Hi,
I am looking for some suggestions about dvm [1].
we are testing sva with openssl, and dvm is enabled by default to broadcast TLB maintenance. And thp is enabled in system by default, a daemon khugepaged (mm/khugepaged.c) is running to collapse memory to huge page in a period of time.
And we found thp: khugepaged may cause issue to sva test case. https://github.com/Linaro/uadk/issues/215
Two cases: 1. Heavy weight test case, async mode, 36+ jobs. openssl speed -elapsed -engine uadk -async_jobs 36 rsa2048
Once collapse_huge_page happens. hardware may hung in io page fault, there maybe huge numbers of page fault keeps happening, while usually only several io page fault reported.

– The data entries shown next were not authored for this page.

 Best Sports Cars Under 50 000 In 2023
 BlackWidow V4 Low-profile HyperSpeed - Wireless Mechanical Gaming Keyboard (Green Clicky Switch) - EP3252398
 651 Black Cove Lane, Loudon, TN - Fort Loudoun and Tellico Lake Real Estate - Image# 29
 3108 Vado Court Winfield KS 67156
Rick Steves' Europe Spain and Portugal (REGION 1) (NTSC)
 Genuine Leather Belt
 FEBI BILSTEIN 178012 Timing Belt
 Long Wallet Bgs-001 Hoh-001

2. With high thp scan frequence, low weight test case, sync mode, 1 job. data may not correct. sudo openssl speed -engine uadk -seconds 1 rsa2048 Doing 2048 bits public rsa's for 1s: RSA verify failure
Two workarounds: 1. disable thp echo never > /sys/kernel/mm/transparent_hugepage/enabled
2. enable thp but add tlbi and ignore dvm. Adding arm_smmu_tlb_inv_range in arm-smmu-v3-sva.c: arm_smmu_mm_invalidate_range. It is called by khugepaged: collapse_huge_page-> mmu_notifier_invalidate_range_end
Looks dvm is not taking effect in some corner cases.

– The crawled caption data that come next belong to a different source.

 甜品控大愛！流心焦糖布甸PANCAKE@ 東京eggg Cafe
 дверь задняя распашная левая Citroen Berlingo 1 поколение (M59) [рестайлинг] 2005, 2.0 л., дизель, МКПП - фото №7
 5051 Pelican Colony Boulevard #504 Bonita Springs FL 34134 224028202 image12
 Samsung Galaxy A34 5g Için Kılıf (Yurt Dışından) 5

Questions 1. if khugepaged collapse the memory used by device, and then change tlb, can dvm sync this tlb change to smmu.

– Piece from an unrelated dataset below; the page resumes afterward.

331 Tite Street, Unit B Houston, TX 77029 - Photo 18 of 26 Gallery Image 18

2. Any possible dma is just using the memory, and collapsed by khugepaged, can dvm handle this case? Or khugepaged should not touch memory using by device, looks khugepaged can not distinguish.
[1] DVM Distributed Virtual Memory, a protocol for interconnect messages to provide broadcast TLB maintenance operations (among other things).
Thanks
linaro-open-discussions@op-lists.linaro.org